--- What you are asked to do ---
An exact transcription is needed of the lines below from the one with "Crossbody-väska med dubbla handtag och logotyp Crossbody-väska" through the one with "Dachgeschoßwohnung Saarbrücken West", with no other lines and no pictures.

━━━ Material for the task ━━━

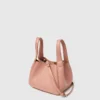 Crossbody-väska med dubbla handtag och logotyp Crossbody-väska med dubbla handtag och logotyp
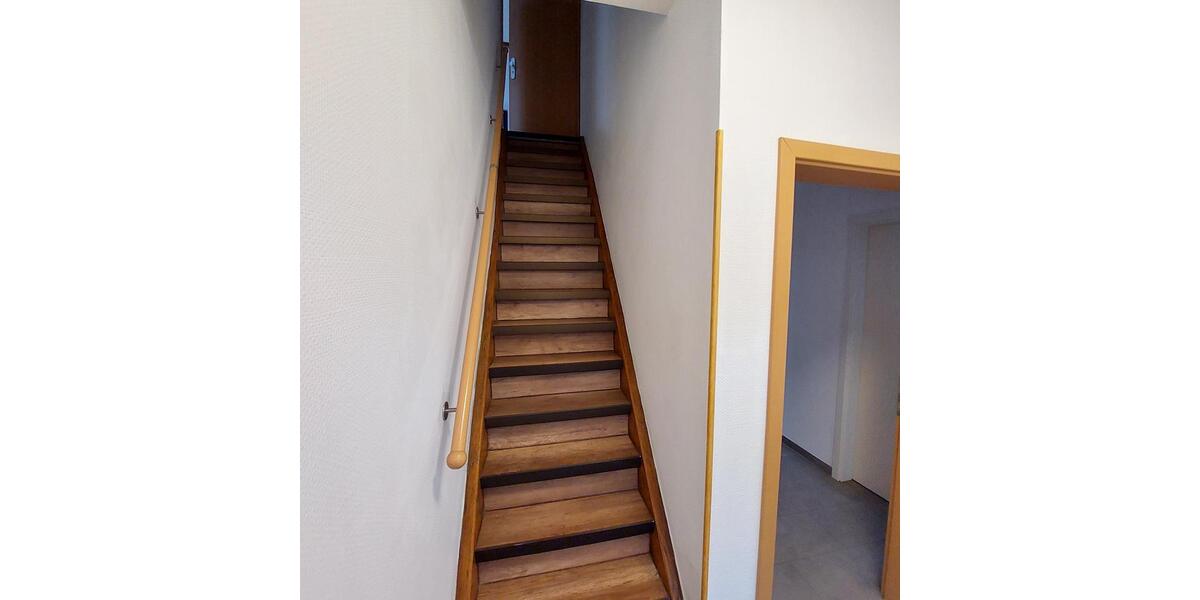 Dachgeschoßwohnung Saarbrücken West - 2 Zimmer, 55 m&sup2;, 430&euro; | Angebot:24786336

━━━
━━━ Material for the task ━━━

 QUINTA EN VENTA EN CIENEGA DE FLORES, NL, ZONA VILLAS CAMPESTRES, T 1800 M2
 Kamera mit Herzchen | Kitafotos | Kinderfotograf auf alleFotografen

━━━
━━━ Material for the task ━━━

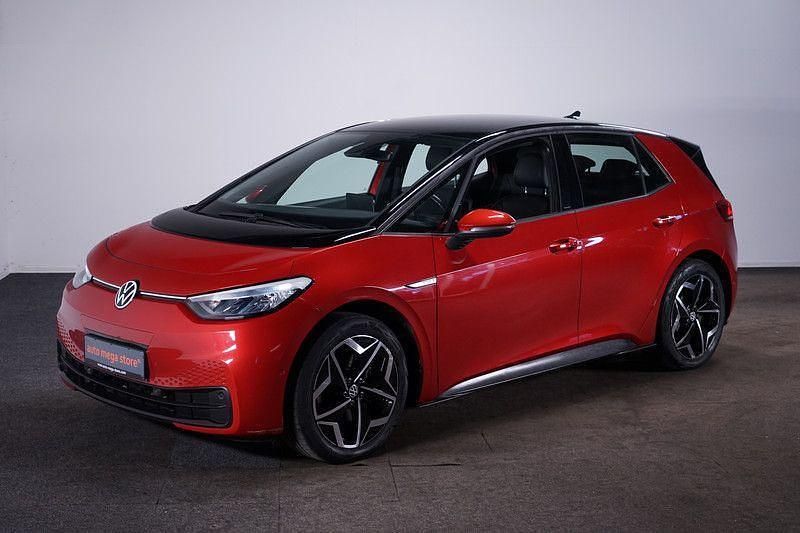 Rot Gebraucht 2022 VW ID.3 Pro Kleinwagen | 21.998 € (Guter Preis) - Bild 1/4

━━━

--- Completed exercise ---
 Crossbody-väska med dubbla handtag och logotyp Crossbody-väska med dubbla handtag och logotyp
 Dachgeschoßwohnung Saarbrücken West - 2 Zimmer, 55 m&sup2;, 430&euro; | Angebot:24786336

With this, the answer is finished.